Curiously, the 1874 Book of Hours at Keble does not include the Hours of the Virgin.  However, there are still grounds for seeing it as a later stage in the development of the same genre rather than as something altogether new: it self-designates as Heures and it contains many of the same texts as its early modern predecessors.  In fact, its use of images mimics medieval Books of Hours.  Stylistic echoes of books such as the Balliol example are evident at a glance and Wieck notes that images of King David (like the one pictured below) often open the Seven Penitential Psalms in late medieval Books of Hours.[11]  David, who was traditionally thought to have written the Psalms, kneels before God in a medieval-style interior.  His clothes are also late medieval in style and his harp is by his right knee.  The border of the facing page is floral, like the upper border in the Balliol example.

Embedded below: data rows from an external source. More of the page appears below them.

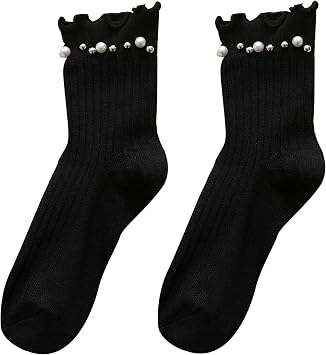 Women Ribbed Cotton Socks with Pearls Beaded Ruffled Trim Solid Hosiery Black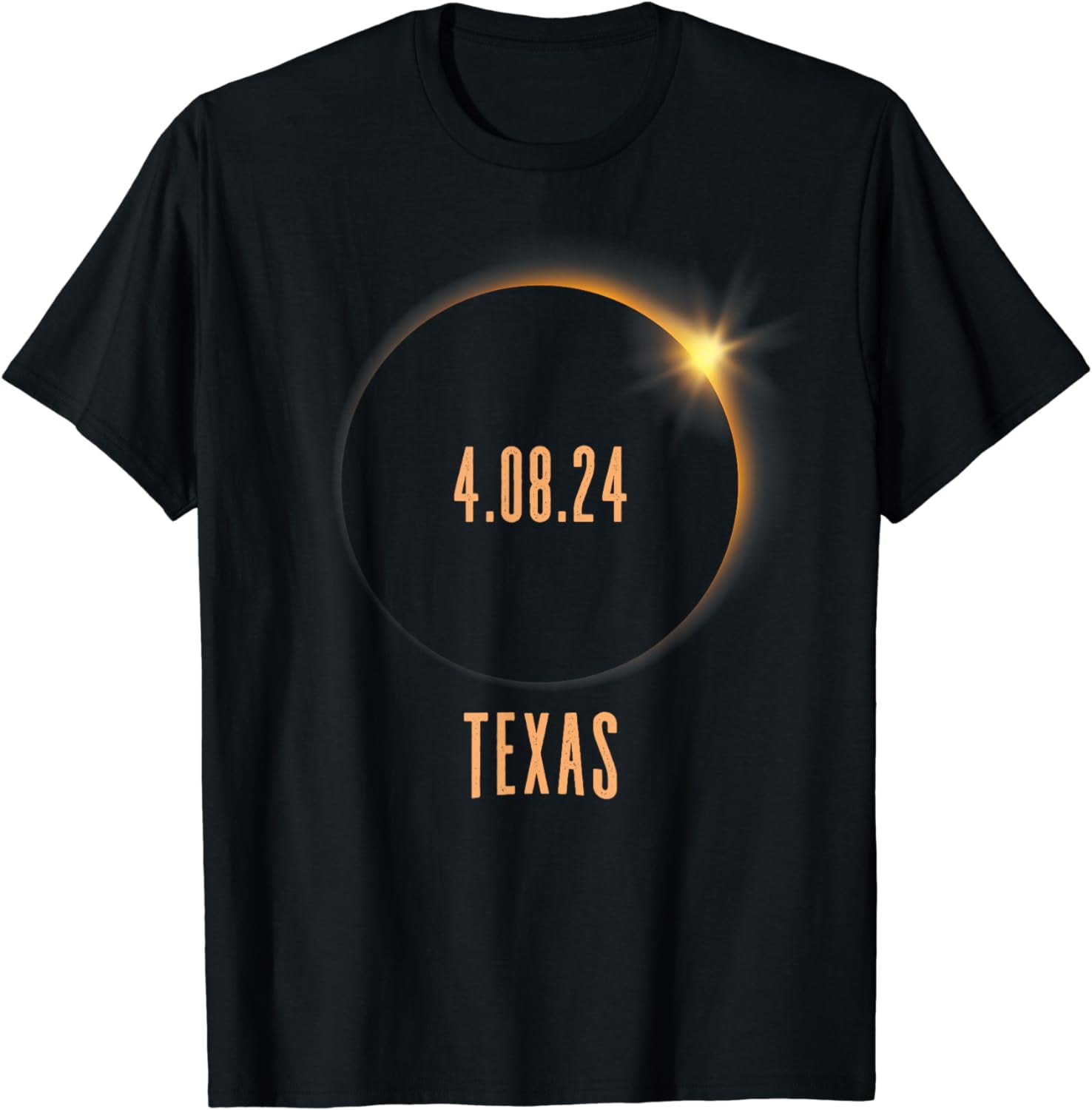 North America Total Solar Eclipse 2024 Texas USA Cotton TShirt
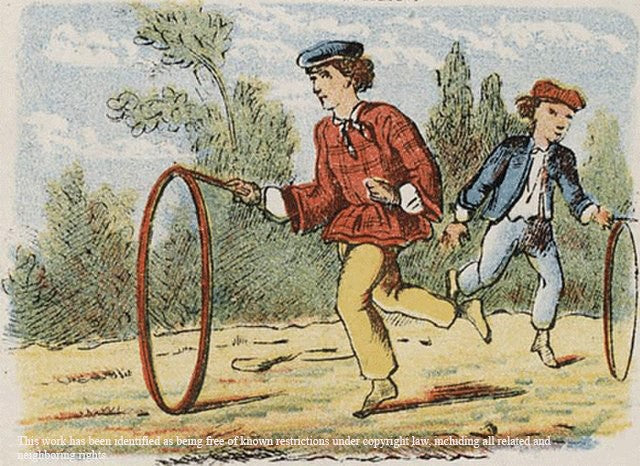 Boys rolling hoops ca. 1860s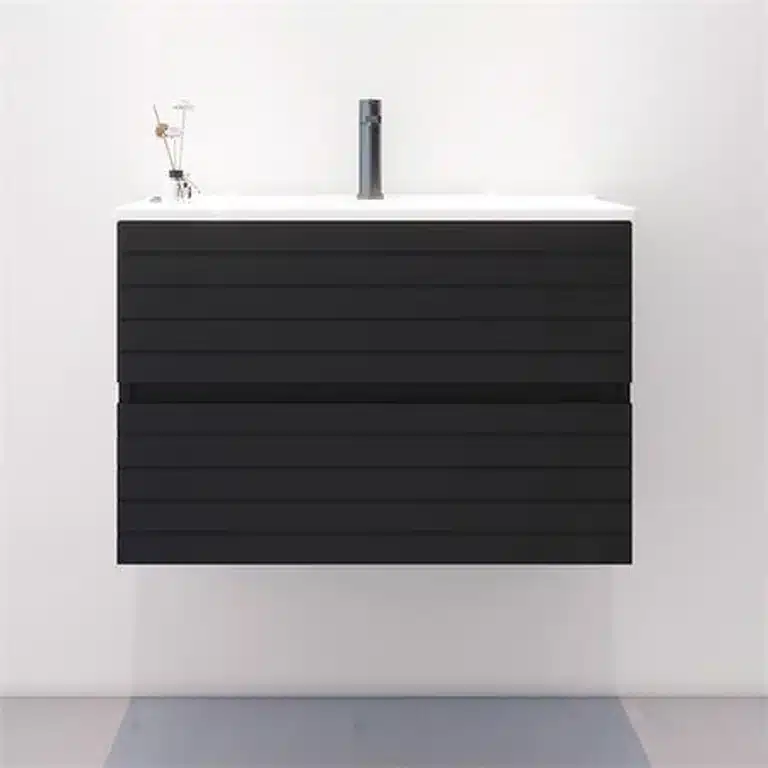 Mueble de baño suspendido negro 80 cm Carmine Benotti con dos cajones y lavabo cerámico, vista frontal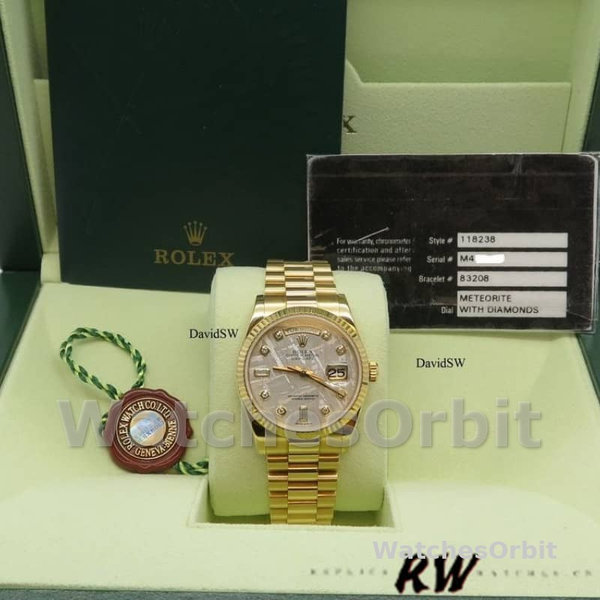 Replique Rolex Day-Date 36mm Unisex-118238-Or jaune-Diamant Cadran Météorite Météorite<br />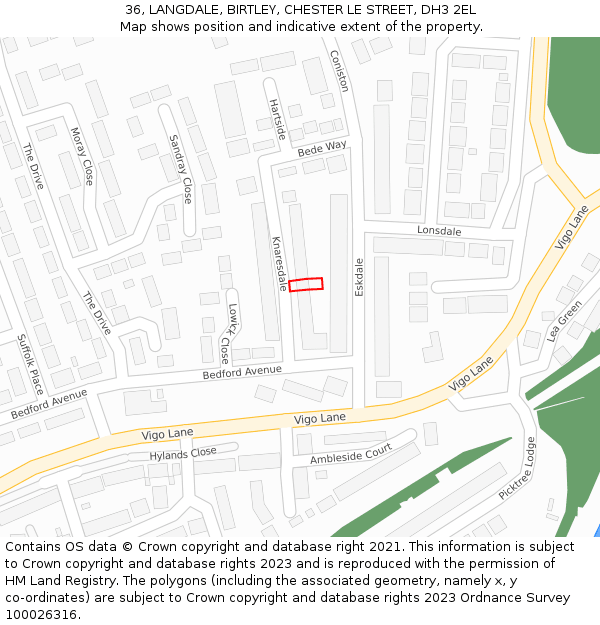 36, LANGDALE, BIRTLEY, CHESTER LE STREET, DH3 2EL: Location map and indicative extent of plot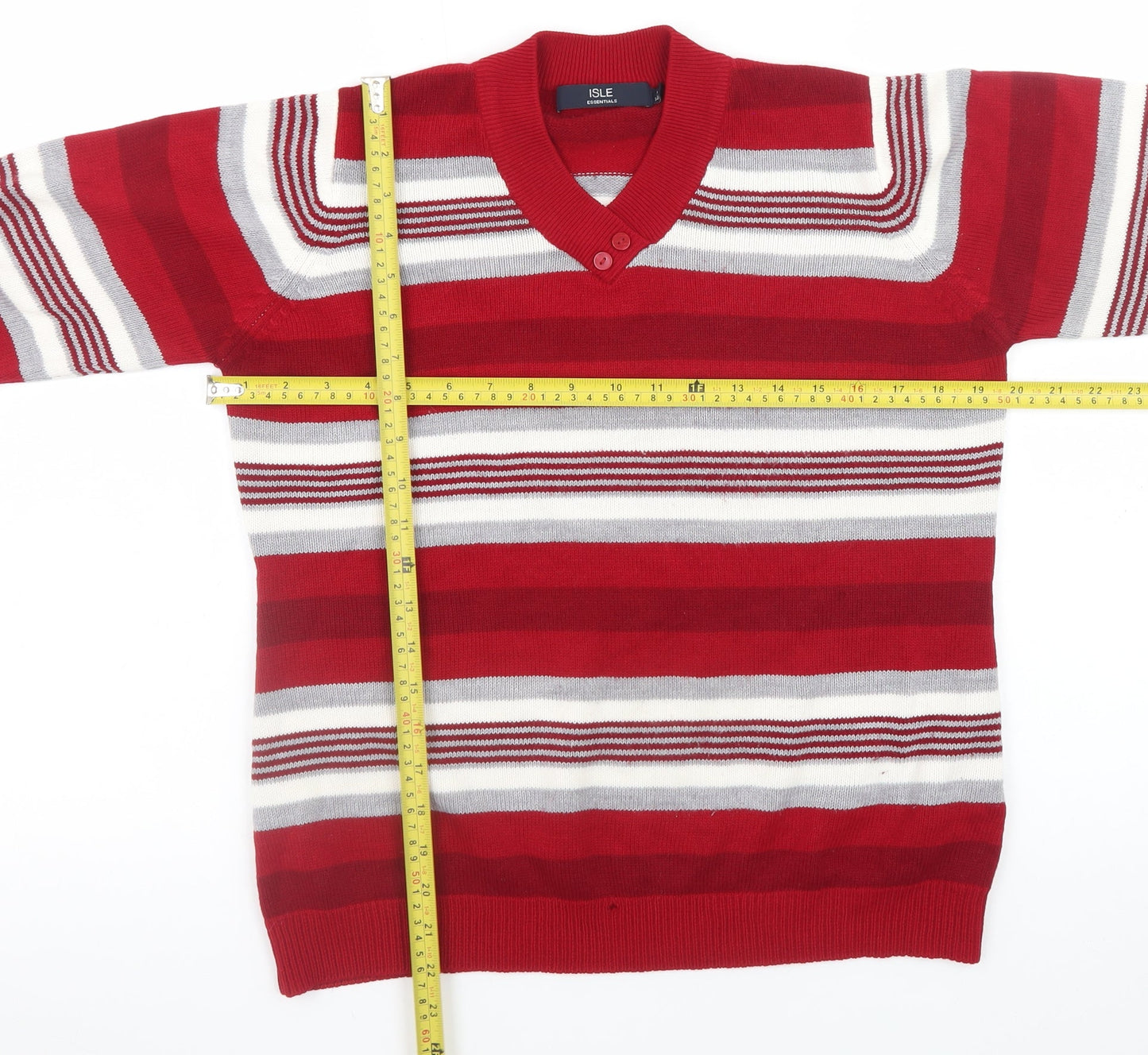 Womens UK Size 14 ISLE Essentials Red Pullover Jumper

Keble, Brooke 73, pp. 30-31 (Reproduced by kind permission of the Warden, Fellows and Scholars of Keble College, Oxford)

The relationship between text and image varies from book to book.  Illustration with relevant images such as the one pictured above occurs throughout the nineteenth-century book, whilst decoration seems to be the main priority in Keble’s seventeenth-century book, Prieres du matin, (pictured below).  Indeed, the entire book is a thing of beauty; even the text is engraved.[12]  The shallow, rectangular indentations in each page show that copper plates were used throughout.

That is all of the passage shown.